In our approach we build a simplified AST that describes the application behavior. An algorithm is developed to construct an AST that describes web application page in whole:
1) Gather all the JavaScript source code in one place. Normally a web page’s JavaScript source code could be divided into different .js files, that are included in the header block, as well as located in different parts of the HTML file. All occurrences of JavaScript code are discovered by searching for the pattern:
<script src=""></script>
2) Build AST for the given JavaScript code. In practice it would be set of ASTs, as some parts of code will not be connected to other. For each separate piece of code an AST is built.
3) For each AST find an event that triggers corresponding code. JavaScript code is mostly event driven. Part of the code is executed on page load, but, usually, most of the code is located in action handlers and in callbacks for server calls. For each root node in AST a trigger is defined: page event, like timer or on load, user action or a server callback.
4) Locate all nodes that represent AJAX server calls. Server url information can be extracted from this node, as well as callback function. While in some cases server side function could be determined automatically, there are cases when automatic detection by given url is impossible (complex nginx configs, url mapping, redirects and etc.) and developer should provide such mapping manually to assist test data generation. An AST is built for server-side code and corresponding node in JavaScript AST is replaced by the constructed AST.
5) While arguments list passed from JavaScript directly maps to server function arguments, server-side arguments’ names may differ from client-side code names. To preserve correct data flow server-side ASTs is postprocessed and all names are replaced with its corresponding JavaScript names.
6) Each return node in the server-side AST is replaced with the corresponding callback AST. If the server-side call returns a value then function’s result is introduced as a local variable and a corresponding assignment operator is added.
7) DOM access operators that used to fetch user input are replaced with function arguments. "replacedN" is introduced as a function argument and DOM access is replaced with variable access. For further generation of Selenium test sequences an object is created which
maps introduced variables to the actual objects in the following form:
{"replaced1":"document.getElementById(
'myTextInput').value()",
... ,
"replacedN":"$('.ageInput').val()"} When generating Selenium test cases arguments to the examined function are passed by filling corresponding form elements with discovered by the constraint solver values.

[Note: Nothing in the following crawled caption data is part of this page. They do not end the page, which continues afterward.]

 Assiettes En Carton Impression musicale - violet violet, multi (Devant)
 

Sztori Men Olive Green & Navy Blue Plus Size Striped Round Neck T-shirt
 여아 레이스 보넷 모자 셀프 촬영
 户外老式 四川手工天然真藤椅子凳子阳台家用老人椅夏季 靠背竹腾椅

8) All superfluous nodes are removed. If a node does not affect data flow or control flow of the application then it is unimportant for the test data generation process and could be removed. JavaScript code normally contain a lot of DOM manipulation operators that are used to update page correspondingly to the new state. All these operators are useless on the desired level of abstraction and therefore are removed.

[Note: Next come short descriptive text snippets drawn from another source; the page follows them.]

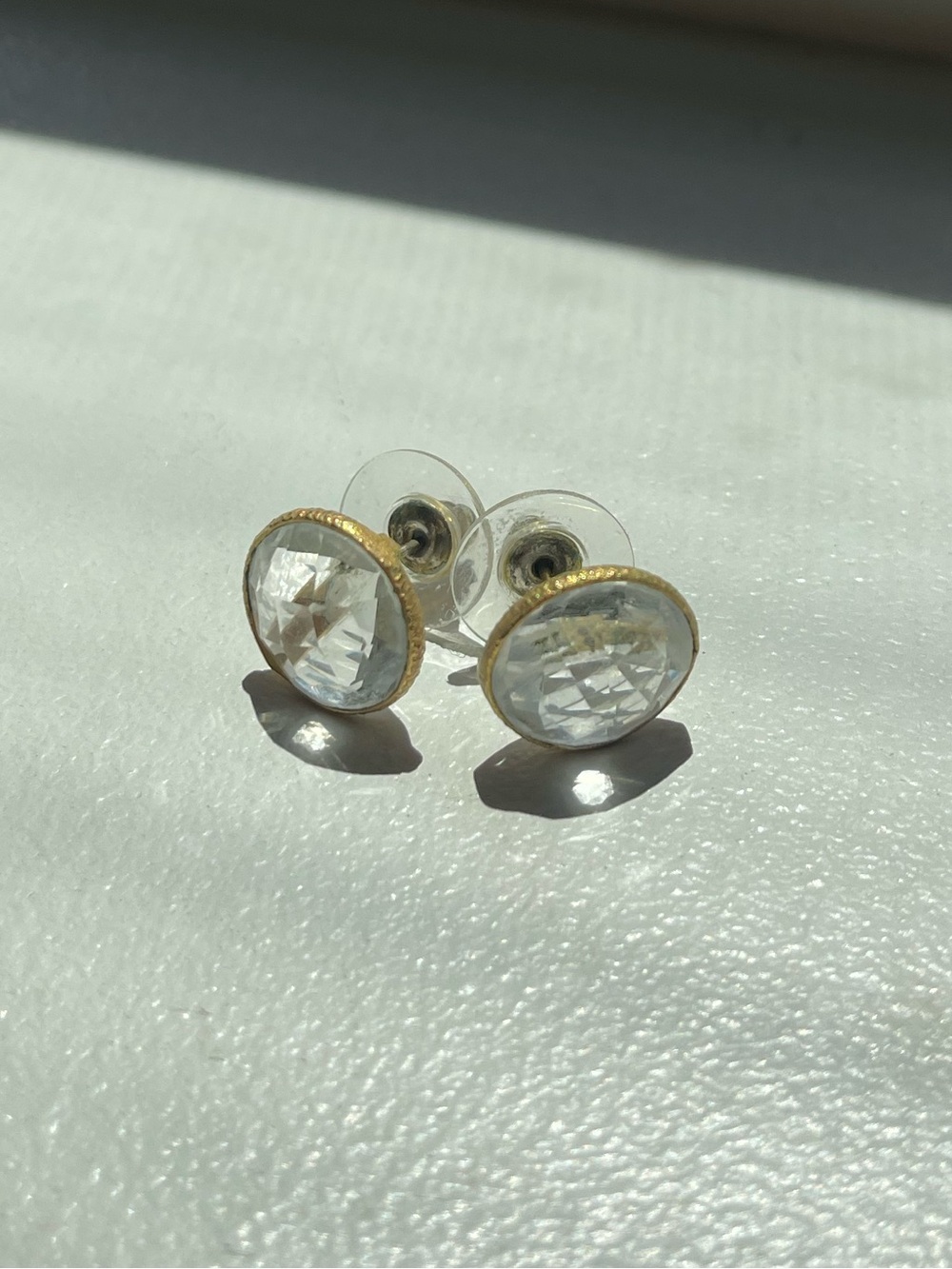 Gold-Trim Clear Stone Stud Earrings
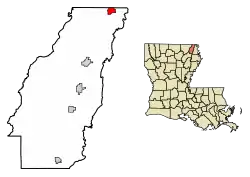 Location of Kilbourne in West Carroll Parish, Louisiana.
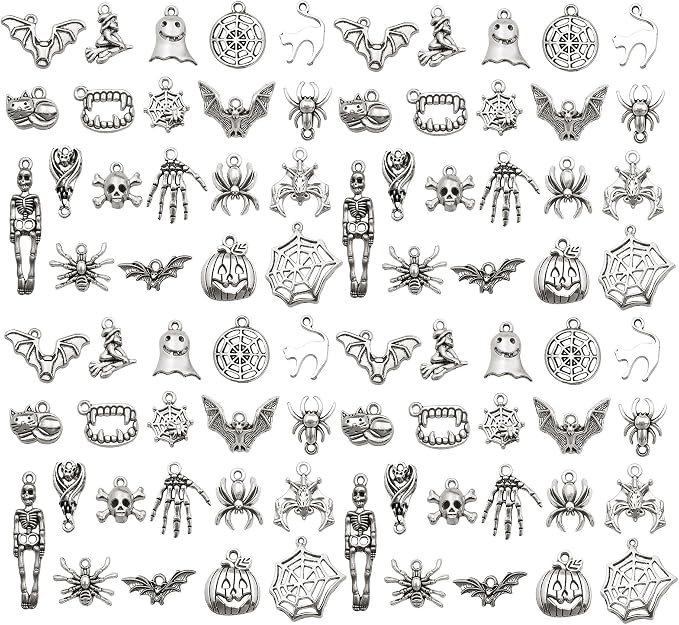 WOCRAFT 60pcs Antique Silver Halloween Bracelet Charms by WOCRAFT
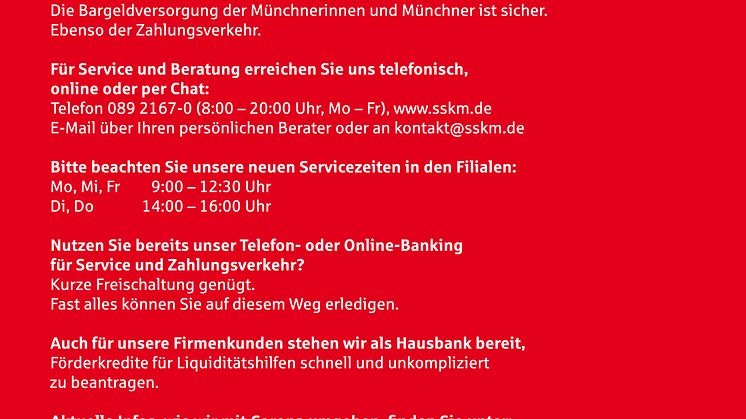 Die Stadtsparkasse München ist „Die Bank unserer Stadt“ –  erst recht in der Corona-Krise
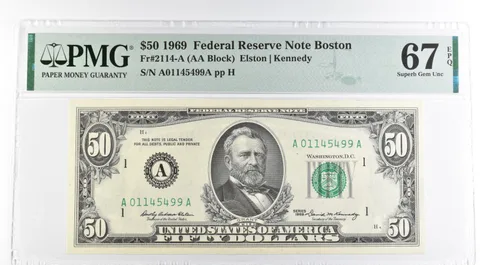 1969 $50 Boston MA US FRN Fr#2114-A 67 Superb Gem Unc EPQ PMG *8495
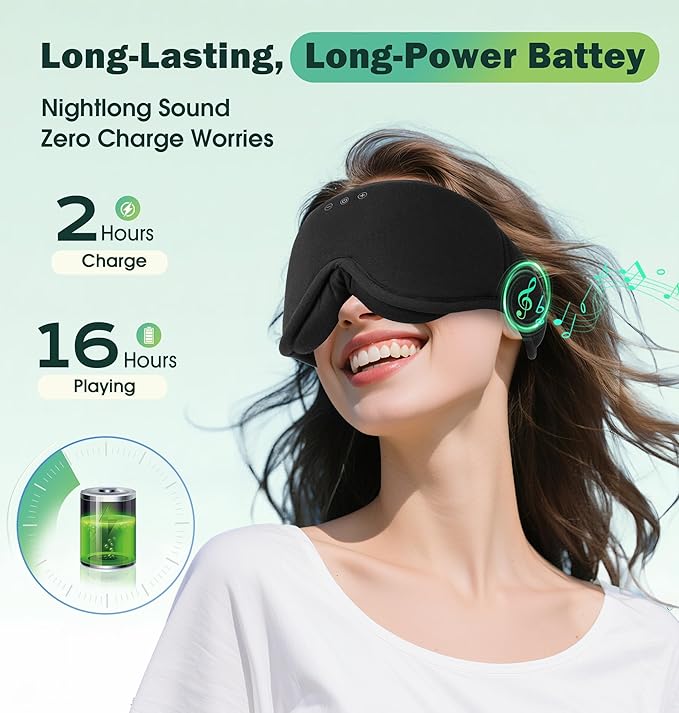 3D Bamboo Cotton Sleep Mask with Headphones Bluetooth 5.4, LC-dolida 2025 New Bluetooth Sleep Mask Headphones for Side Sleepers Women Men, Sustainable Luxury for Better Sleep - Bloomnest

A set of ASTs is built after the completion of the listed steps. Constructed set describes web application page in whole, its data and control flow both for client-side and server-side functions. Having such description of the web page problem of test data generation can be converted into reachability problem. Each path in the AST is described as a list of constrains (conditions from the conditional branches) and a set of arguments that have to satisfy these constrains for the execution to follow the selected path.
List of constraints and arguments need to be analyzed to discover unsupported items. Server-side code implements business logic and often contain external dependencies like:
• database resources;
• file system;
• session variables;
• external web services calls.
For paths in the AST that contain any of the listed dependencies automatic test cases could not be generated, as tests would not be able to emulate state of the external objects. Only paths that do not have such dependencies would be a valid input for the constraint solver. Listed external dependencies are a strong limitation for any approach that attempts to automate testing, and ours is not an exception.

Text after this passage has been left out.